Now, most would assume that their child would inherit the same wound – the shame of not having wealth, constantly trying to fill that void of not having enough. But life is not that linear. You could easily grow up entirely different, never really caring much about wealth; only earning to have a good, secure life. Never really running after money. Maybe wealth or status never felt meaningful to you – the real you. And yet deep down, you might have another ache – the wound of lack of unconditional presence. You might carry the deep longing to be seen for who you are, to be loved without needing to earn it, without conditions or performance. Your wound might not echo your parents’ shame about poverty; it might echo your own truth, the truth that love, not money, is what your soul values most.
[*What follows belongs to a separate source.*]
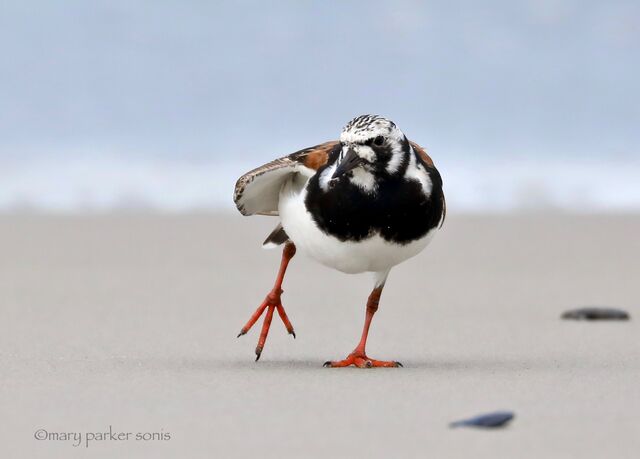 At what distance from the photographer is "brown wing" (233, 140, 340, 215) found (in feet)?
24.2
That is what I mean when I say: the wounds you carry are your truth. They do not belong to your parents or society. They belong to the essence of who you are. You don’t always inherit the wounds; you are almost always born into the circumstances of your parents, culture, and society that was against your truth of who you are. Your parents, your culture, the world around you, they didn’t truly wound you. They simply created an environment that could not recognize your truth. What you experience as wound is actually your truth trying to surface. It screams through fear, anxiety, jealousy, rage; not to disturb you, but to be seen and acknowledged by you.

So wounds are not a mark of brokenness; they are signs of awakening to your truth. To feel restless, fear, sadness, and anxiety is to feel that the life you have been living does not align with something deep in you anymore, with your truth. So healing is not about getting rid of the pain, anger, sadness, jealousy, fear, and all the emotions that society has told are wrong, bad. Healing is to sit with them, understand what they are trying to show you, to acknowledge them, acknowledge the truth that they are showing you. So healing is simply about not running away, not fixing those emotions, but simply sitting and listening. Listening to your own truth.

And one day you will realize they were never enemies, they were the parts of you that are most honest, most real, unapologetic – pushing you ahead to your truth, to your aliveness.